Try it.
For this exercise, restate every line below word for word and drop the images.

Information shown.
--- START ---

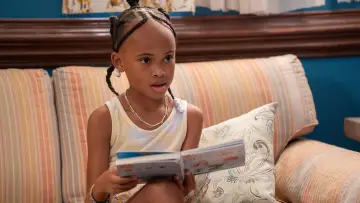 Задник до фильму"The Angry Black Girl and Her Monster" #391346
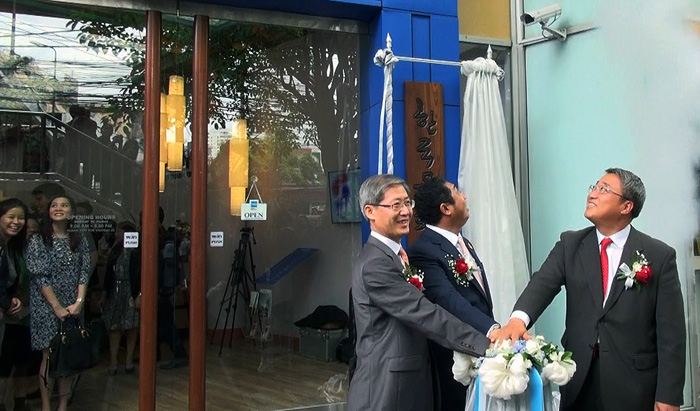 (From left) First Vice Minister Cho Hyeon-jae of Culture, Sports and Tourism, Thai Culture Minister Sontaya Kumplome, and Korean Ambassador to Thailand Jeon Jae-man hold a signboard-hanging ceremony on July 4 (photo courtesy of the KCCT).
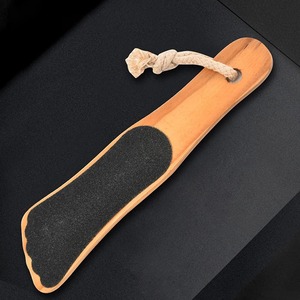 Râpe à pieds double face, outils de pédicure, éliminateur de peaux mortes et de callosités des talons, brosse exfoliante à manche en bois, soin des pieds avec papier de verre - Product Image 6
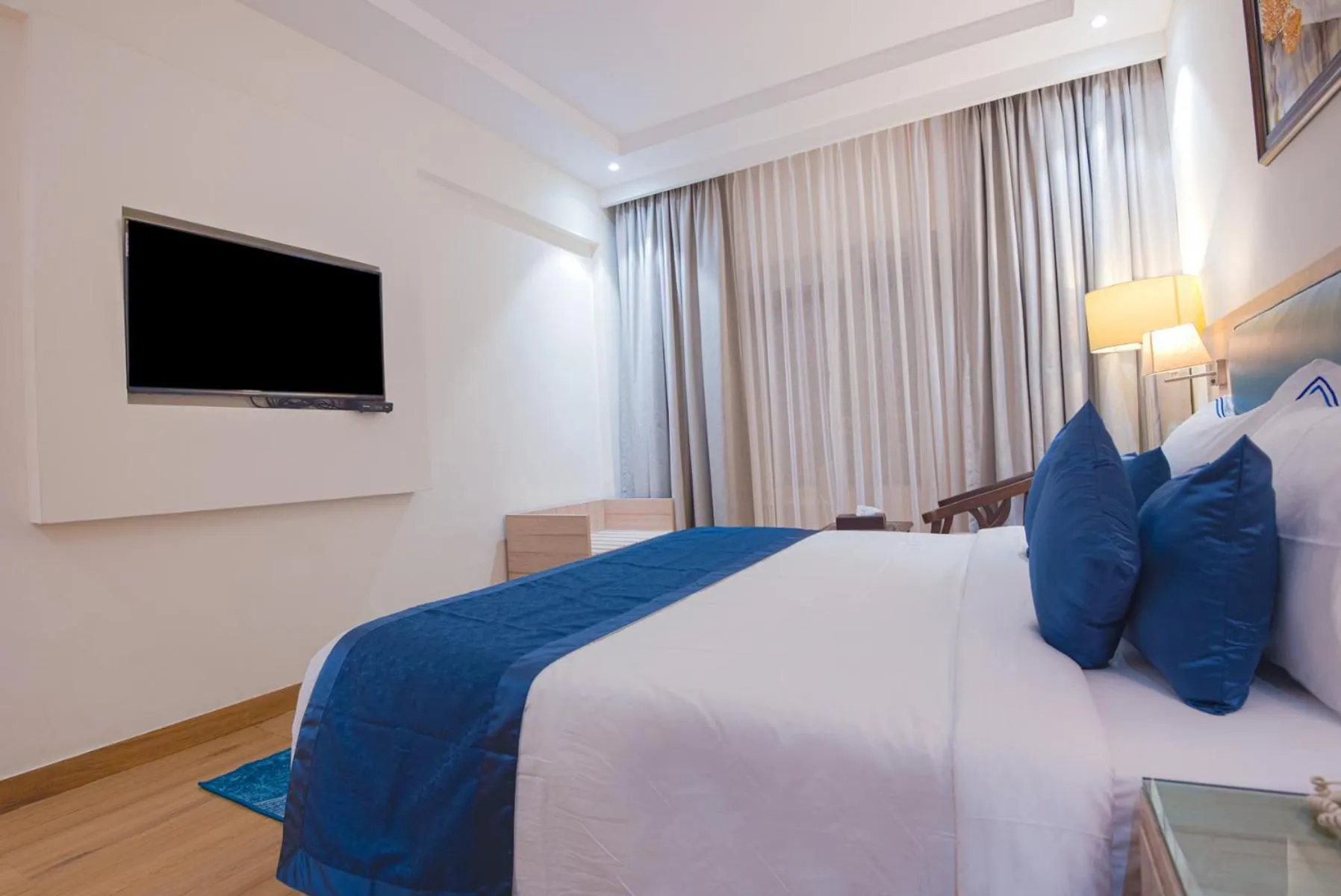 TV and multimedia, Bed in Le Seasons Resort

--- END ---

Task solution.
 Задник до фильму"The Angry Black Girl and Her Monster" #391346
 (From left) First Vice Minister Cho Hyeon-jae of Culture, Sports and Tourism, Thai Culture Minister Sontaya Kumplome, and Korean Ambassador to Thailand Jeon Jae-man hold a signboard-hanging ceremony on July 4 (photo courtesy of the KCCT).
 Râpe à pieds double face, outils de pédicure, éliminateur de peaux mortes et de callosités des talons, brosse exfoliante à manche en bois, soin des pieds avec papier de verre - Product Image 6
 TV and multimedia, Bed in Le Seasons Resort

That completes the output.